One less kid, almost double the square footage?

Heidi acknowledges that the decision wasn’t exactly expected, but she says they couldn’t resist the home’s generous proportions, one-block-from-the-beach location and five-star finishes. “We didn’t even realize it was a spec home when we walked in,” says Heidi. “Patterson is a wonderful builder. It’s not just the finishes, but also the way they put in these unexpected touches like a huge skylight right above the stairwell and huge hallways. Sometimes it’s the things you don’t expect that make the big differences.”

And then there is the marble-tiled, massive master bathroom, one of the factors that tilted the decision into must-buy territory. “It’s one of the prettiest I’ve ever seen, and probably my favorite room in the house,” says Heidi.

Not that the home was without its flaws. The Mendozas found the backyard to be too small, their primary hesitation before purchasing. But ultimately, the enormous family room, French pine floors and pocket windows that disappear to open the home almost entirely to the outdoors, won the day. After buying the home, they almost immediately had the yard re-landscaped by Bridget Skinner. Now, with a Jacuzzi and better placement of plants and grass, the space feels bigger and gets near-constant use.

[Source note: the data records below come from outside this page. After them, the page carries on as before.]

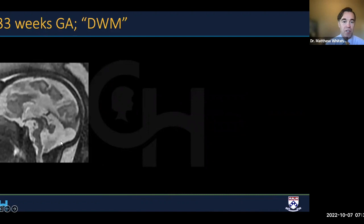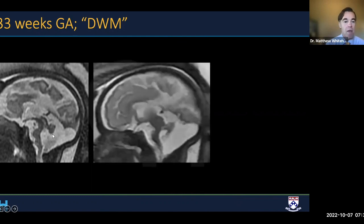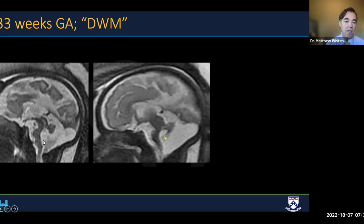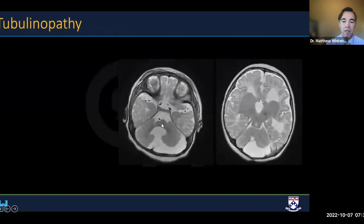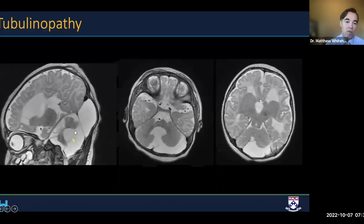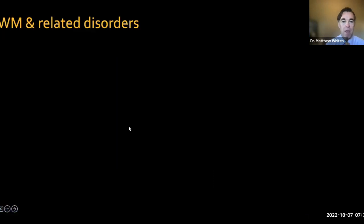Tubulinopathies: here is a 33-week fetus referred for Dandy Walker malformation. This is not Dandy Walker because the fastigial recess is sharp, and the telochoroidia-choroid plexus extends to the undersurface of the vermis — both excluding Dandy Walker. This is cerebellar and brainstem hypoplasia. A key feature of tubulinopathy is asymmetric hypoplasia of the pons, involving one side more than the other. Postnatally, we also see union of the basal ganglia, although that is not typically detectable on fetal MRI.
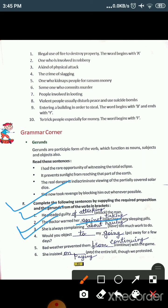The third sentence is: 'She is always complaining dash having too much work to do.' The bracket word is 'have,' so the gerund form is 'having.' The suitable preposition is 'about.' Answer: She is always complaining about having too much work to do — meaning she complains about having too much work.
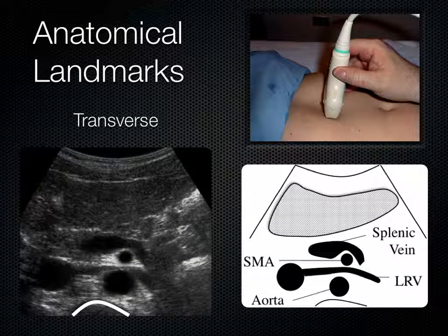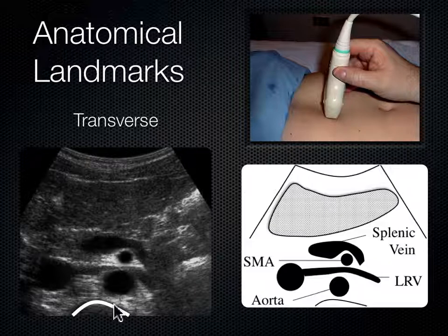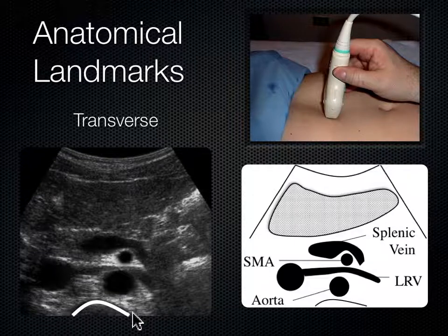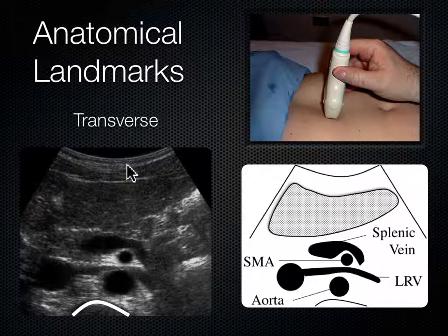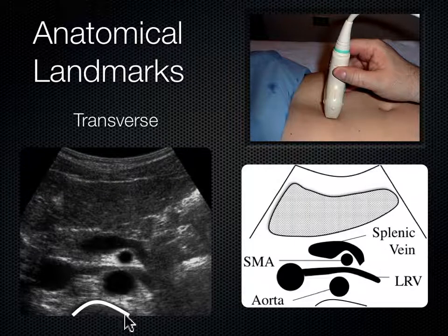Now turning the probe into a transverse plane — from parasagittal right, we aim the indicator to the patient's right to get a cross-section of the body. The first structure I identify is the spine shadow, where sound encounters the spine and bounces back. Moving anteriorly: the aorta is to the left of the spine shadow, and the IVC is to the right of the spine shadow.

When it came time to tackle the interiors of the house, Heidi enlisted interior decorator Stacia Dunnam, who had designed two of their previous homes. For this project, Dunnam took its proximity to the beach as her primary design cue. But instead of executing a straight-ahead, by-the-book beach redo (cue the captain’s steering wheel and blue-and-white-striped fabric) Dunnam took a subtler approach. “I wanted to make it sophisticated and elegant, but relaxed and casual, too,” says Dunnam. “I consider it a beach house, so I used those natural curiosities like shells, but in a way that’s different from the typical – more mixed in with other pieces to give it an overall modern feel. Most important to me, I want their house to look different from any other home. I want it to truly reflect them.”

To give it that ultra-personal feel, Dunnam added wallpaper to certain rooms, swapped out certain lighting fixtures and mixed materials and surfaces to keep it visually interesting. Take the dining chairs, which use three kinds of fabrics (an embroidered Ralph Lauren paisley on the back; a Kravet trellis pattern inside; and a stripe on the seat). They are far from standard-issue stuff, much like everything else that she used in the five-bedroom home. But instead of overdoing it with furniture and accessories, Dunnam was hyper aware to “reel in my tendency to make everything lavish,” she says. “If you do too much, then it kills the whole point, which is that I wanted this home to be restful and relaxing. That’s the whole point of being by the beach, to feel like you’re permanently on vacation.”